FRANK M. ROBINSON “The Girls from Earth.” Novelette. First published in Galaxy SF, January 1952. Illustrations by Emsh (Ed Emshwiller). Reprinted in The Best Science-Fiction Stories: 1953 edited by Everett F. Bleiler & T. E. Dikty (Frederick Fell, hardcover, 1953); and Stories for Tomorrow: An Anthology of Modern Science Fiction edited by William Sloane (Funk & Wagnalls, hardcover, 1954). Radio: Adapted for X Minus One by George Lefferts: NBC, 16 January 1957. Cast: Mandel Kramer, Bob Hastings, John Gibson, Jim Stevens, Dick Hamilton, Phil Sterling. Announcer: Fred Collins. Director: Daniel Sutter.

   This is mostly a story about how mail order brides helped civilize the Old West, only transposed in time and space to mining settlements barely managing to survive on worlds far from Earth. The ratio of men to women in such places is at least 5 to 3. Strangely enough, the ratio of women to men back on Earth also 5 to 3, in reverse.

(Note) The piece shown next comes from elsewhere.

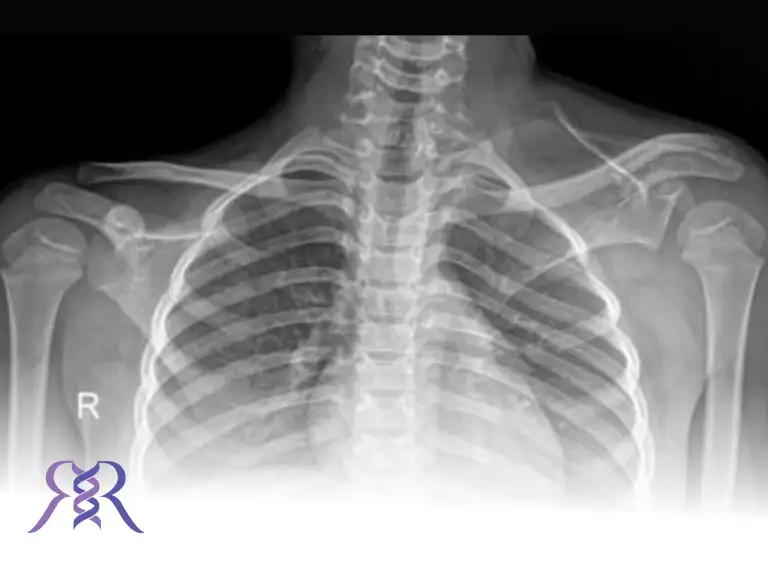 بالا بودن مادرزادی شانه یا کتف (اسپرینگل)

   There is a problem here waiting to be solved, and the solution is easy. Except for one thing. How, and who, is going to implement it? And how will the contingent of men waiting for their new brides accept them, and vice versa? The details you may read for yourself online here, and probably elsewhere as well. (Follow the link.)

   At this much later date, while the story can still be enjoyed for its more humorous overtones, any larger appeal may only be of historical interest. In 1952 science fiction was just beginning to move away from scientific puzzles to be solved, if not out and out space opera. In their place were coming stories based on situations and dilemmas as they were expected to rise in the future, but on a more personal level. As is the case here.

   In the radio adaptation, streamlined to just over 20 minutes, the implementation of the plan to solve the problem described above is carried out by a couple of con men, hoping to make their fortune by taking off with the money put down of the miners working on Mars before the women from Earth actually arrive. The end result is the same. It’s just gotten to in a slightly different way.